How do I know if my kid is ready? In my opinion, the only way to know is to try. Tiny Tallman isn’t a talker to put it mildly, so he wasn’t walking around saying he was ready. And honestly, he seemed perfectly content in his diaper, too. He didn’t seem bothered by a dirty diaper. Those are supposed to be signs according to experts. Rarely are kids ready before age 2 1/2, but I’ve certainly heard of kids that have been! Trying it out in a positive fashion is the way that’s worked for me to know if my toddler is ready for potty training.

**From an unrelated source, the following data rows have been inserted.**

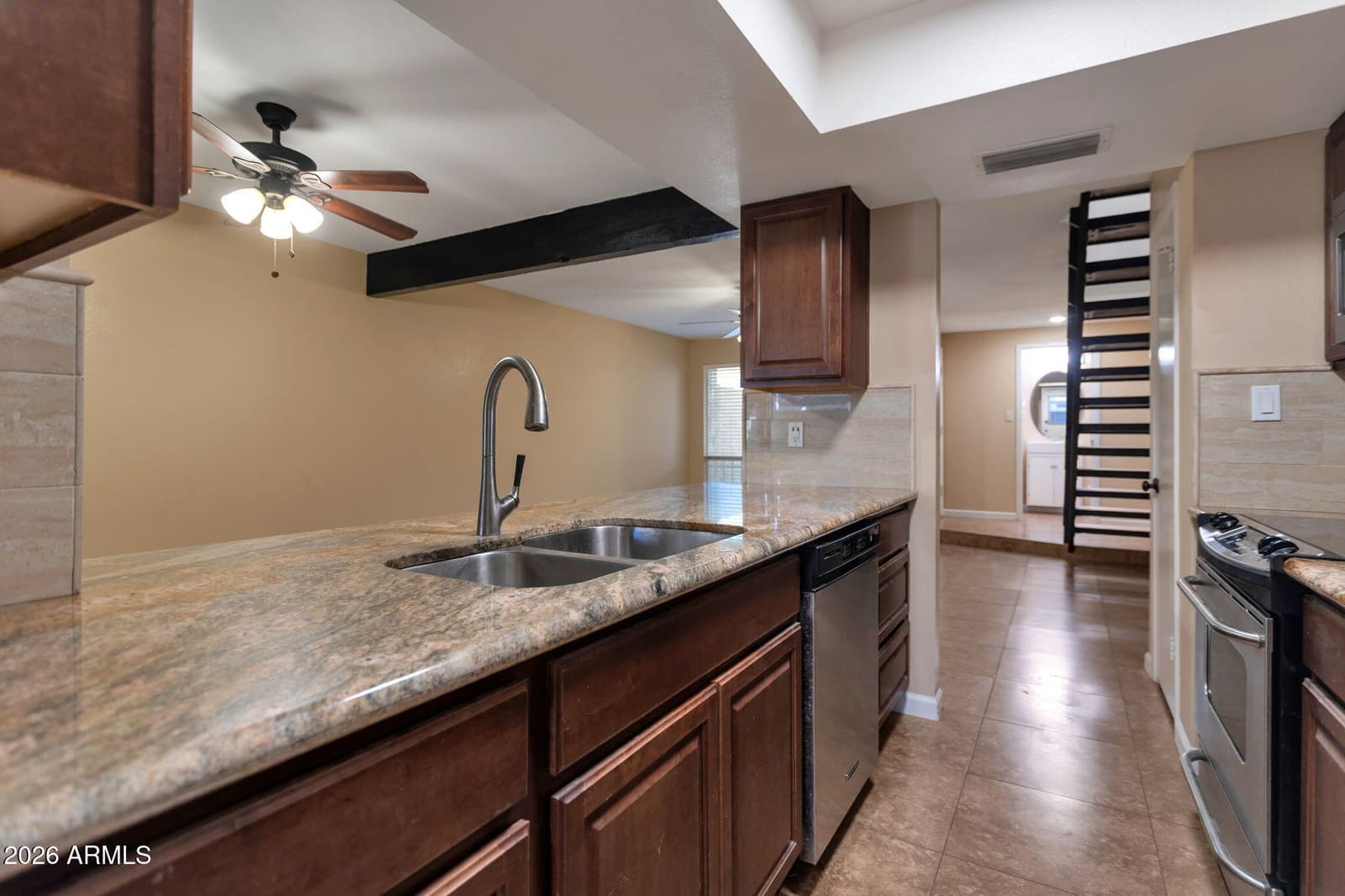 6540 N 7th Avenue 42, Phoenix, AZ 85013 — photo 7 of 18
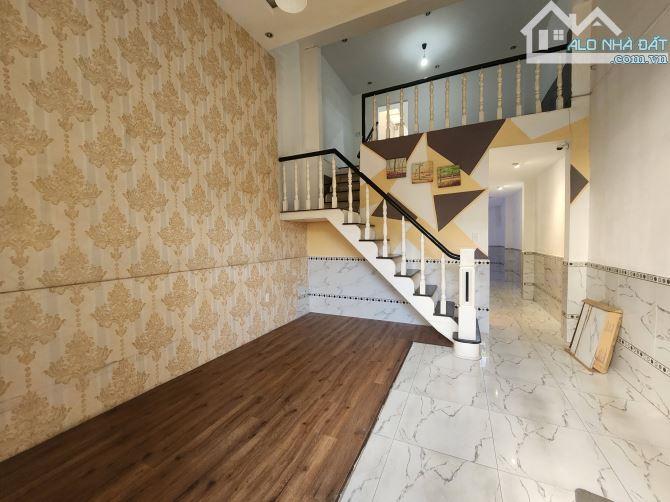CHO THUÊ dài hạn nhà nguyên căn. p13, BT - DTSD 100m2 Giá 15tr/tháng - 1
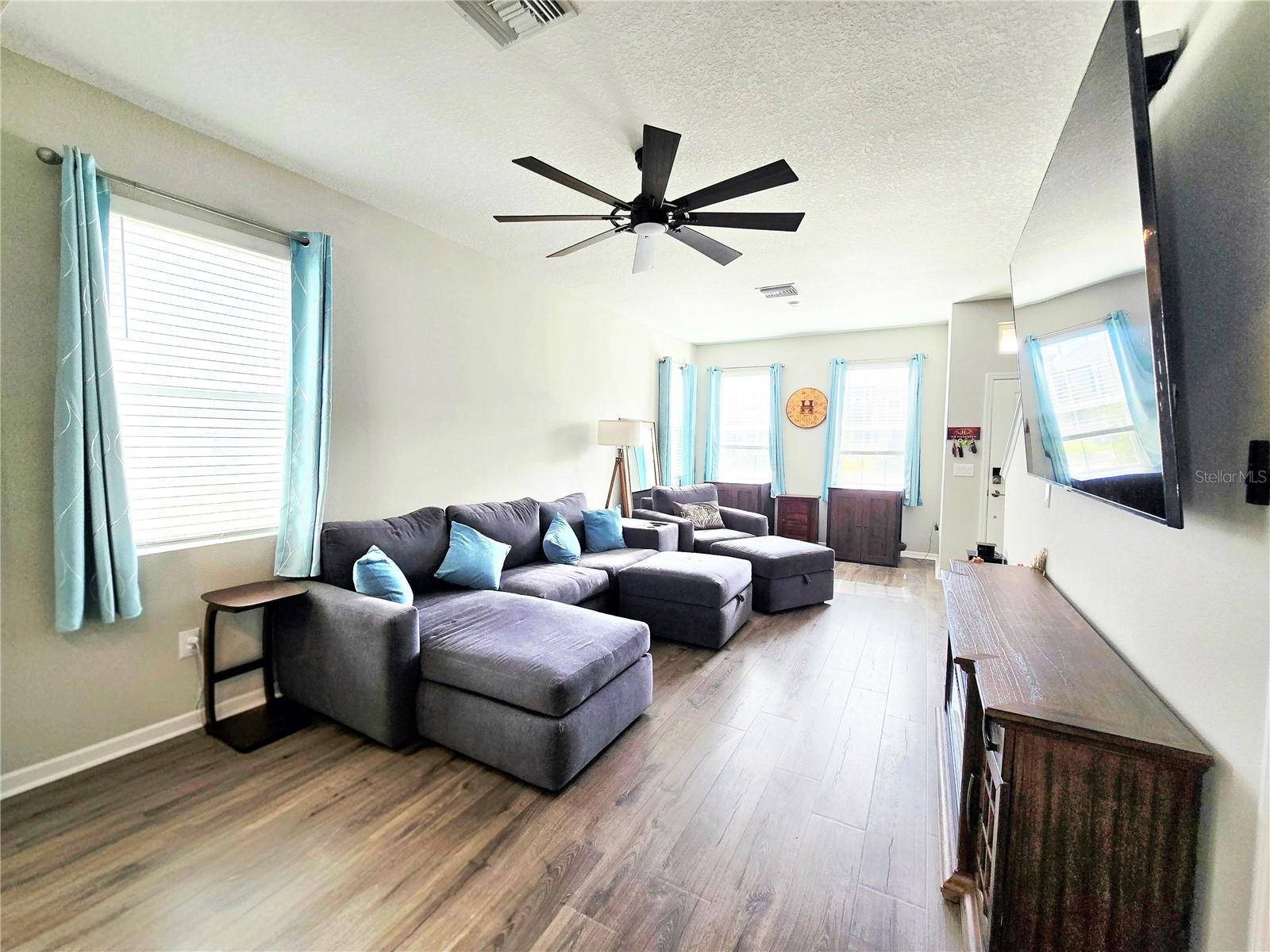 Image 7 of 28 For 6334 Fairmont Lane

As far as the potty seat, we have had great luck with it versus starting straight on the toilet. I have encouraged them to sit on both, and my kids didn’t mind either. But the potty seat is their height, their feet don’t dangle, and it’s portable. I find that it’s the easiest way when they are first learning. I bring it with me wherever I go now, too, just in case. I’ll probably travel with it for the first month or two, and really it’s for my own peace of mind! But, he will go on any toilet.

As with everything here at The Shortest Tallman, this is totally and utterly my own experiences and what worked for me! Every kid and family is different. With this potty training approach, I will say any time I tried to cheat or modify this method, I would hit a wall. But by all means, your child may work better with a different approach! Just google some ideas, talk to your pediatrician, and pick what you think might work for you. This was what worked for us! How did it work for you?

 

1 Comment

  • Sandie January 26, 2017 at 10:57 am

    Way to go Tiny T!! And mommy too!!